Les chercheurs ont fait une autre découverte : des cellules adultes, que l'on croyait affectées à une seule fonction, sont capables de changer de « vocation » et de produire, in vitro, des cellules qui ont une autre fonction. Chez la souris, des cellules souches de la moelle osseuse ont produit des neurones, des cellules du foie et des cellules gastro-intestinales. Dans un cur endommagé de souris, des cellules de la moelle osseuse ont réparé le tissu cardiaque en se transformant en cellules du cur.
Du coup, ceux qui sont opposés à la culture des cellules d'embryons estiment que le problème est réglé et que l'on peut se contenter de recourir uniquement aux cellules adultes. « Pourquoi "tuer" qui que ce soit, s'exclame le sénateur Sam Brownback, hostile à la recherche sur les cellules souches, dès lors qu'on est en mesure de récolter des cellules adultes ? »
C'est vrai, reconnaît le Dr Fred Gage, du Salk Institute, de nombreuses études montrent qu'on peut prélever des cellules adultes, les cultiver in vitro et les transplanter dans une autre partie du corps où elles réparent l'organe défectueux. Malheureusement, les résultats de certaines de ces études sont controversés, et au moins une chercheuse, le Dr Margaret Goodman, de Baylor, a déclaré publiquement qu'elle ne croyait plus, comme elle l'affirmait il y a deux ans, que des cellules musculaires peuvent être transformées en cellules du sang.
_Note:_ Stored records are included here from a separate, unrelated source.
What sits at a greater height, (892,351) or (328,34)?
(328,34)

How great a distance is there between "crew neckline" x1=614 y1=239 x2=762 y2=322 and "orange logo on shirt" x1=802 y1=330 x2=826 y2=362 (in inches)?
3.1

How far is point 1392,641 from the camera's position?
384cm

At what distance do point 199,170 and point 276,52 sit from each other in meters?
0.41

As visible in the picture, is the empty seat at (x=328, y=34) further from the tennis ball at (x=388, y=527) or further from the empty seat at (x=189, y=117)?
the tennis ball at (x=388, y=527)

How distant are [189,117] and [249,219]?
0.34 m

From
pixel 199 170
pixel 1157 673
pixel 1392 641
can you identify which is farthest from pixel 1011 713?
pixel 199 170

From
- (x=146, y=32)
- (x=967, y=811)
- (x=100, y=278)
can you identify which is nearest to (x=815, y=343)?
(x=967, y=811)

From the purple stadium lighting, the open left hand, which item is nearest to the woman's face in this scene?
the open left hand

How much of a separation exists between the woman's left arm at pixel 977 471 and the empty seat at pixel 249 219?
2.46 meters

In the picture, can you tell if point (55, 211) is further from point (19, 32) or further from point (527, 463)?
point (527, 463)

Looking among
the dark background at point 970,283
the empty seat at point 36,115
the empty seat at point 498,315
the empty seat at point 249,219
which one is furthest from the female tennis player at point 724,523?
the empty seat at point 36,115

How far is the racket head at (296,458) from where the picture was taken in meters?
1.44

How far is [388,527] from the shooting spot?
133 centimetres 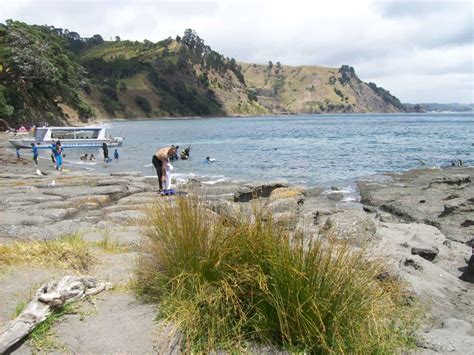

Une demi-douzaine de colonies
Et c'est pourquoi les scientifiques observent avec avidité le développement d'environ une demi-douzaine de colonies de cellules qui se développent dans divers laboratoires à travers le monde. Ces colonies peuvent fournir des quantités infinies de cellules souches dont les usages seront multiples. « On peut même imaginer un système au sein duquel il ne sera plus du tout nécessaire de retourner aux embryons, déclare le Dr James Thomson, qui lui-même cultive l'une de ces colonies de cellules dans son laboratoire du Wisconsin. Franchement, il m'est très difficile de comprendre comment la destruction des embryons serait plus éthique que leur usage à des fins thérapeutiques. »
Ce qui est sûr, c'est qu'on n'en sait pas assez sur la culture des cellules et que la recherche doit être poussée plus avant, de manière à bien établir le rôle des cellules souches et celui des cellules adultes. Quoi qu'il en soit, le président Bush aura une décision difficile à prendre. Mais même s'il interdit le financement fédéral, les laboratoires privés poursuivront leurs travaux qui ne seront que ralentis.
Un rapport : oui à la recherche sur les cellules souches
Les cellules souches, en particulier celles provenant d'embryons humains, présentent un énorme potentiel pour le traitement de maladies aujourd'hui incurables, ce qui justifie une poursuite des recherches sur leurs applications thérapeutiques, selon un rapport scientifique de 222 pages.
« A ce jour, il est impossible de prédire quelles cellules souches (...) correspondent aux besoins de la recherche fondamentale et des applications cliniques. Les réponses résident clairement dans la poursuite des recherches », écrivent les auteurs de ce rapport publié par les Instituts nationaux de la santé (NIH), basés à Bethesda (Maryland).